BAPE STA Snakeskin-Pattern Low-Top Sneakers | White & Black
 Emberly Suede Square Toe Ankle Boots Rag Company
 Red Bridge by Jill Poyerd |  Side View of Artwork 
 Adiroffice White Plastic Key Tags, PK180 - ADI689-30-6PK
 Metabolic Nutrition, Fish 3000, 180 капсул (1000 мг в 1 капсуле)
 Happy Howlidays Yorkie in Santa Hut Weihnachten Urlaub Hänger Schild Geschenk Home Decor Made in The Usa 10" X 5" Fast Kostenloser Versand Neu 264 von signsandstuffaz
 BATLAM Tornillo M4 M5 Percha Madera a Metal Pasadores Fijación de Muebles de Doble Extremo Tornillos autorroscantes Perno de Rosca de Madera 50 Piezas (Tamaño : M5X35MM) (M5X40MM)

★ ★ ★ ★ ★ ★ ★

◆ **EXERCISE DESCRIPTION**: Every line of the listing that includes the word "White" must be copied.

◆ **SOLUTION FOR THIS PROBLEM**:
BAPE STA Snakeskin-Pattern Low-Top Sneakers | White & Black
 Adiroffice White Plastic Key Tags, PK180 - ADI689-30-6PK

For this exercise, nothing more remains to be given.